▶ _MATERIAL PROVIDED_:
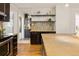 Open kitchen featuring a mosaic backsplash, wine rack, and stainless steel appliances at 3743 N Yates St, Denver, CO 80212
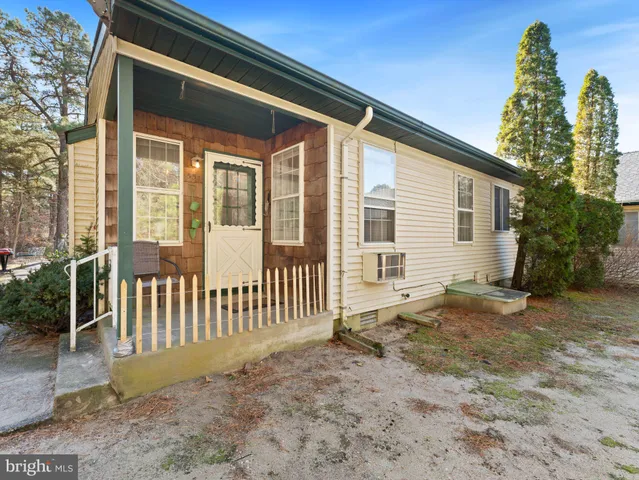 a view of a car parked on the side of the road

...

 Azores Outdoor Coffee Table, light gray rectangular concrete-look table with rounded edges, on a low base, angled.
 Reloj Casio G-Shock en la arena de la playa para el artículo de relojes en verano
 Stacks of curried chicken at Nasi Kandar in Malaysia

---

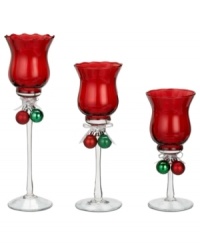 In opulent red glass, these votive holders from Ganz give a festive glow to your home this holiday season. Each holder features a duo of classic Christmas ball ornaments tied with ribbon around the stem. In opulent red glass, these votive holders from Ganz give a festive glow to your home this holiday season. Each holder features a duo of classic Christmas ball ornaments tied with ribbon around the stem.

▶ _ASSIGNMENT_:
Reprint exactly the lines above that start at the one with "Reloj Casio G-Shock" and end at the one with "Stacks of curried", keeping both and adding none.

▶ _EXERCISE ANSWER_:
 Reloj Casio G-Shock en la arena de la playa para el artículo de relojes en verano
 Stacks of curried chicken at Nasi Kandar in Malaysia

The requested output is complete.